We begin by considering a channel $C$ that is ``too small''.
That is, we will prove the following lemma:

\begin{quote}
{\bf Lemma 1.}  Suppose $\dim \hilbert{C} = d$, and suppose that the
ensemble of signals in $M$ described by $\rho = \sum_{a} p(a) \, \pi_{a}$
has the property that, for any projection $\Gamma$
onto a $d$-dimensional subspace $\hilbert{M}$,
\begin{displaymath}
	\tr \rho \, \Gamma < \eta
\end{displaymath}
for some fixed $\eta$.  Then the fidelity $F < \eta$.
\end{quote}

If the signal ensemble has small ``weight'' in every subspace of
the same size as $\hilbert{C}$, then the fidelity of the transposition
will be correspondingly small.  The proof of this fact follows.  
Consider a signal state $\ket{a_{M}}$ that is transposed according to
our general scheme.  Assuming that the system $E'$ is 
initially in some pure state $\ket{0_{E'}}$, the signal state
$W_{a}$ of $C + E'$ is supported only on a $d$-dimensional subspace of 
$\hilbert{C + E'} = \hilbert{C} \otimes \hilbert{E'}$, the subspace of
states of the form $\ket{\psi_{C}, 0_{E'}}$.  Therefore the final
decoded signal state $w_{a}$ of $M'$ is supported 
only on a $d$-dimensional
subspace of $\hilbert{M'}$.  Call the projection onto this
subspace $\Gamma$.

Let $\ket{\phi_{k}}$ for $k = 1,\ldots,d$ be the orthogonal basis for 
this subspace that is composed of eigenstates of $w_{a}$.  
We can write $w_{a}$ as
\begin{displaymath}
	w_{a} = \sum_{k} q_{k} \, \ket{\phi_{k}} \bra{\phi_{k}}
\end{displaymath}
where the $q_{k}$ are eigenvalues of $w_{a}$, including all of the 
non-zero ones.  Clearly, $q_{k} \leq 1$. The projection $\Gamma$ is 
simply
\begin{displaymath}
	\Gamma = \sum_{k} \ket{\phi_{k}} \bra{\phi_{k}}.
\end{displaymath}
Now consider the term $\tr \pi_{a} w_{a}$, which appears in the 
expression for the fidelity.
\begin{eqnarray*}
	\tr \pi_{a} w_{a}  
	& = &	\tr \pi_{a} \left(
		\sum_{k} q_{k} \, \ket{\phi_{k}} \bra{\phi_{k}} \right) \\
	& = &	\sum_{k} q_{k} \, 
		\tr \pi_{a} \ket{\phi_{k}} \bra{\phi_{k}} \\
	& \leq &  \sum_{k} \, \tr \pi_{a} \ket{\phi_{k}} \bra{\phi_{k}} \\
	& = & \tr \pi_{a} 
		\left( \sum_{k} \ket{\phi_{k}} \bra{\phi_{k}} \right) \\
	& = & \tr \pi_{a} \Gamma .
\end{eqnarray*}
The fidelity $F$ is
\begin{eqnarray*}
	F  &  =  &	\sum_{a} p(a) \, \tr \pi_{a} w_{a} \\
	   & \leq &	\sum_{a} p(a) \, \tr \pi_{a} \Gamma \\
	   & = & 	\tr \left( \sum_{a} p(a) \pi_{a} \right) \Gamma \\
	  &  =  &	\tr \rho \, \Gamma 
\end{eqnarray*}
and therefore $F < \eta$.

If the system $E'$ is not in a pure state, the final signal state $w_{a}$
will be a mixture of states, each of which is supported on a $d$-dimensional
subspace.  The overall fidelity will be a weighted average of terms that are
bounded in the above manner.  Thus, $F < \eta$ in this more general 
situation as well, and the theorem holds.

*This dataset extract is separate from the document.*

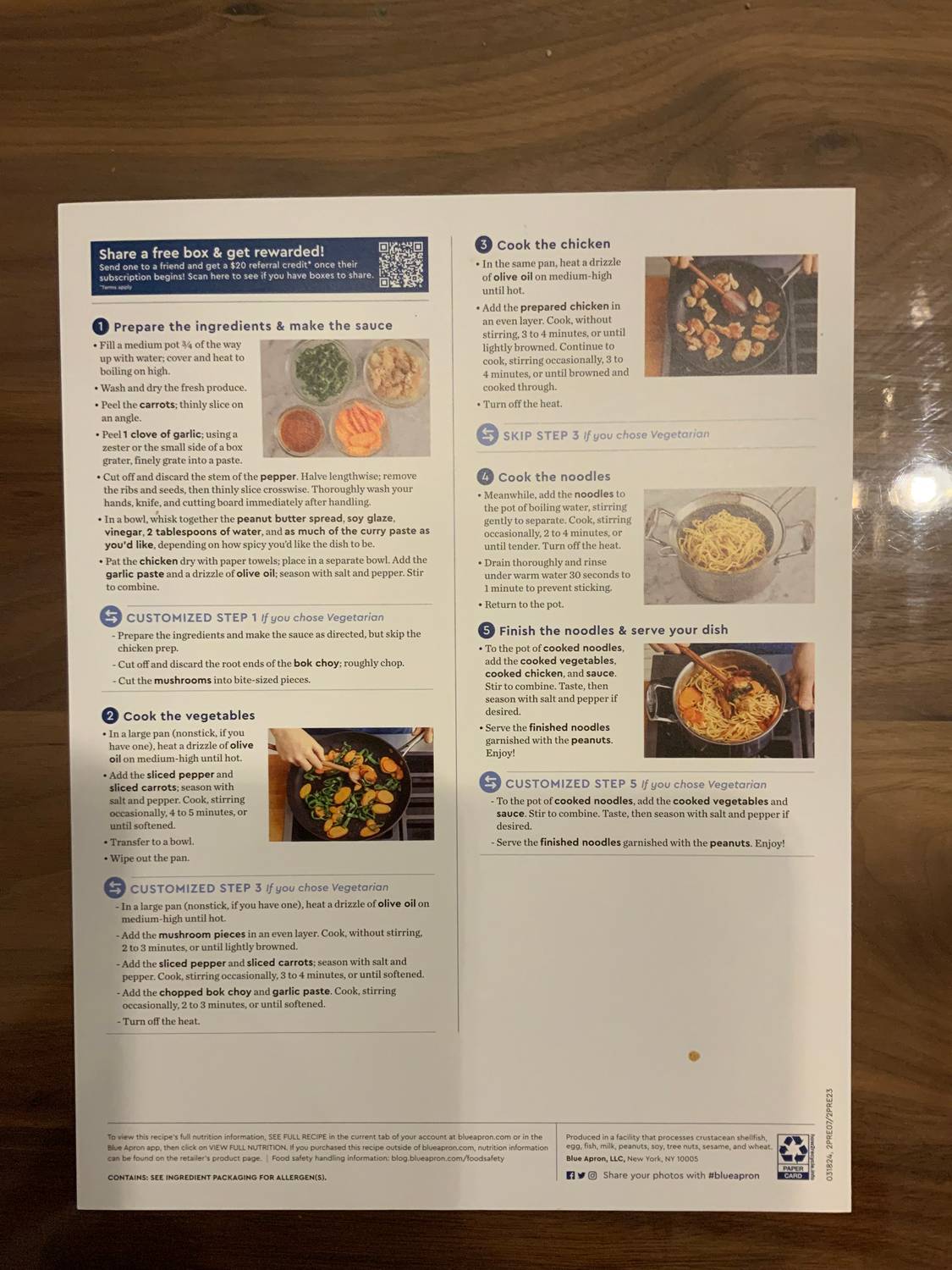 Recipe card back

It is worth remarking that the condition requiring $\tr \rho \Gamma < \eta$
for all projections $\Gamma$ can be rephrased in terms of the eigenvalues
of $\rho$.  Let $P_{n}$ be the eigenvalues of $\rho$, and let $\ket{n}$
be the corresponding eigenstates.  The quantities
$Q_{n} = \bra{n} \Gamma \ket{n}$ satisfy $0 \leq Q_{n} \leq 1$, and
$\sum_{n} Q_{n} = \tr \Gamma = d$.  Then
\begin{displaymath}
	\tr \rho \, \Gamma  =  \sum_{n} P_{n} \, Q_{n} .
\end{displaymath}
It is easy to see that this sum will be maximized if the $Q_{n}$ are
chosen to be 1 for the values of $n$ corresponding to the $d$ largest
eigenvalues $P_{n}$, and zero for other values of $n$.  We can actually
achieve this largest value by choosing $\Gamma$ to be the projection onto
the subspace spanned by the eigenstates with the $d$ largest eigenvalues
of $\rho$.  Thus, 
$\tr \rho \, \Gamma < \eta$ if and only if the sum of any $d$ eigenvalues
of $\rho$ is less than $\eta$.

We next turn to the case in which the channel $C$ is ``large enough''
to allow transposition with high fidelity.

\begin{quote}
{\bf Lemma 2.}  Suppose that $\dim \hilbert{C} = d$, and suppose that
there exists a projection $\Gamma$ onto a $d$-dimensional subspace of
$\hilbert{M}$ such that 
\begin{displaymath}
	\tr \rho \, \Gamma  > 1 - \eta .
\end{displaymath}
Then there exists a transposition scheme with fidelity $F > 1 - 2 \eta$.
\end{quote}

If the signal ensemble has sufficient ``weight'' on a subspace of the
same size as $\hilbert{C}$, then it is possible to make a transposition
with a fidelity that is correspondingly close to 1.  To prove this, we
will actually construct such a transposition scheme and find its
fidelity.

We first note that, from the remark above, we lose no generality if we
suppose that $\Gamma$ is a projection onto a subspace 
$\Lambda$ of $\hilbert{M}$ spanned by $d$ eigenstates of $\rho$. 
Let us number the eigenstates of $\rho$ in such a way that the eigenstates
$\ket{1},\ldots,\ket{d}$ span $\Lambda$, while
$\ket{d+1},\ldots,\ket{D}$ (where $D = \dim \hilbert{M}$) are 
orthogonal to $\Lambda$ and span the orthogonal subspace $\Lambda^{\perp}$.  
Then we have
\begin{eqnarray*}
	\sum_{n = 1}^{d} \ket{n} \bra{n}  & = & \Gamma 		\\
	\sum_{n=1}^{d} P_{n} & > & 1 - \eta			\\
	\sum_{n=d+1}^{D} P_{n} & < & \eta  .	
\end{eqnarray*}

Our strategy is as follows.  
We transpose the eigenstates of $\rho$ that are in $\Lambda$ 
in such a way that they will be faithfully represented by
states of the channel $C$ and will be correctly reconstructed in $M'$.
We can do this since $\dim \Lambda = \dim \hilbert{C}$.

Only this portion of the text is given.